** Exercise **
Write out once more the lines running from the top of the entries below to the line with "易燃液體廂式運(yùn)輸車", both ends included.
◇ ◇ ◇ ◇ ◇
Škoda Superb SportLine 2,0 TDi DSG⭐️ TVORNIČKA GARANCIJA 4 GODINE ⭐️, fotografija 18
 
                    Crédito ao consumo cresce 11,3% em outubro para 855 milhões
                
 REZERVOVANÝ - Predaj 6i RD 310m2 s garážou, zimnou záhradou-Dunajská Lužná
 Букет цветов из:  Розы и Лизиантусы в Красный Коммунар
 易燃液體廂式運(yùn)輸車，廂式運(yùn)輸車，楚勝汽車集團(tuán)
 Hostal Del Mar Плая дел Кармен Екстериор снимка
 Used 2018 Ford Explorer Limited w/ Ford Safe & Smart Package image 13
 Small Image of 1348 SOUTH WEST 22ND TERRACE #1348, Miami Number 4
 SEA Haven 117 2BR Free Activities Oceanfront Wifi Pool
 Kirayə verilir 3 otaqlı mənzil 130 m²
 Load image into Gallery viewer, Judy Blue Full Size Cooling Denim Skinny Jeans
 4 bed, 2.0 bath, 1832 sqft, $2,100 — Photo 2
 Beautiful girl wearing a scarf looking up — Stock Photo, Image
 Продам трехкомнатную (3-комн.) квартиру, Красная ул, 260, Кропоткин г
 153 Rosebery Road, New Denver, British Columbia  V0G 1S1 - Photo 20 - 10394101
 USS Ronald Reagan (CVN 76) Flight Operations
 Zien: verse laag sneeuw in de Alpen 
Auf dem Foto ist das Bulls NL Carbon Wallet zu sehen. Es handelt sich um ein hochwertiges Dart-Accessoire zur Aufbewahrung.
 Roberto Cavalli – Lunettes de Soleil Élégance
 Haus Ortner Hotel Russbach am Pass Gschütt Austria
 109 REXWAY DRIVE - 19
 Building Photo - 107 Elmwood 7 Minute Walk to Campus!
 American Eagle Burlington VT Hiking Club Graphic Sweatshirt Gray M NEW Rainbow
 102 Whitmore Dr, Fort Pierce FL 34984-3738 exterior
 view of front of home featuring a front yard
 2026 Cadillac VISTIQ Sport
◇ ◇ ◇ ◇ ◇
** Solution to the exercise **
Škoda Superb SportLine 2,0 TDi DSG⭐️ TVORNIČKA GARANCIJA 4 GODINE ⭐️, fotografija 18
 
                    Crédito ao consumo cresce 11,3% em outubro para 855 milhões
                
 REZERVOVANÝ - Predaj 6i RD 310m2 s garážou, zimnou záhradou-Dunajská Lužná
 Букет цветов из:  Розы и Лизиантусы в Красный Коммунар
 易燃液體廂式運(yùn)輸車，廂式運(yùn)輸車，楚勝汽車集團(tuán)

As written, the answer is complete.